Tutto questo ve lo racconto non per vantarmi dell’essere un uomo di mezza età e quindi demi-vecchio, o di aver fatto chissà che. Ve lo racconto perché guardare quelle pellicole durante l’adolescenza ha cambiato il mio modo di vederlo, un film, e quello che mi aspetto da quella visione. Ma è lo stesso, identico percorso su cui si sono incamminati negli anni milioni di spettatori, prima e dopo Twin Peaks, ammaliati dall’unicità delle opere di questo artista visionario. Era impossibile guardare un suo film e uscirne indifferenti, come succede purtroppo per buona parte di quello che ci passa sotto gli occhi.
Potevi capirli o non capirli, ti potevano confondere o stregare. Potevi perderti nella natura ibrida del mezzo-film e mezzo pilota di una serie mai nata come Mulholland Drive. Potevi sognarti la notte l’uomo misterioso di Robert Blake dopo esser rimasto a bagnomaria nel noir surreale di Strade perdute. Potevi cercare il bandolo della matassa in quella ragnatela di momenti e sensazioni che era Inland Empire. Potevi restare a discutere ore sull’Internet di Fuoco cammina con me (Laura Palmer fuori dal cellophane) o della seconda serie di Twin Peaks. Potevi difendere a spada tratta il suo Dune del 1984, e non solo per il Feyd-Rautha di Sting. Potevi persino cercare di capire il senso di quella scimmia parlante chiamata Jack. Ma niente di tutto questo ti lasciava indifferente, era solo rumore di fondo, scivolava via.

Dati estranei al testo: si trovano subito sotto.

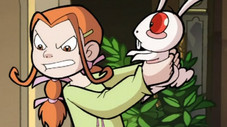 Épisode 18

Primi anni Duemila. Sono a casa dei miei, sto riguardando Eraserhead in DVD, perché voglio scriverne per una rivista horror di cui mi occupo all’epoca. Mio padre, nato un anno prima di Lynch, amante della pittura ed estimatore unicamente di pellicole ambientate nel selvaggio West, arriva sul finale e si ferma a guardare la scena della testa del bambino-pianeta, dell’abbraccio, del rumore bianco in crescendo che diventa nero. Lo vedo colpito. Alla fine, dice solo “Salvador Dalí”. Ammiro la sua sintesi, perché con l’aggiunta di “Luis Buñuel” sarebbe stato il miglior modo possibile, forse, per descrivere che tipo di cinema sperimentale aveva creato Lynch, indebitandosi fino al collo per completare Eraserhead. Senza tirare in ballo il surrealismo di Un chien andalou (che Lynch sosteneva di non aver mai visto prima di girare il suo film), era proprio difficile provare a spiegare la storia di Henry Spencer.
Quel giorno racconto a mio padre degli inizi di Lynch, degli anni da pittore, del suo amore giovanile per Oskar Kokoschka, che lo porta a compiere un infruttuoso viaggio in Europa, conclusosi molto prima del previsto a causa della deludente Salisburgo. In quella chiacchierata, pronuncio un imprecisato numero di volte la parola artista. Come avrei continuato a fare, nel corso degli anni, ogni singola volta, per ribadire l’ovvio: ci sono i registi, e poi ci sono i visionari. I primi girano i film, i secondi cambiano la grammatica del cinema e, già che ci sono, metti, rivoluzionano anche il concetto di serie televisiva.
Non so che fine abbia fatto quel mio amico delle medie, il cui padre aveva una videoteca. Al posto di quel videonoleggio c’è da una ventina d’anni un gommista. Ma so che stasera riguarderò per l’ennesima volta uno dei film di questo signore del Montana, sempre magnificamente spettinato. Glielo devo.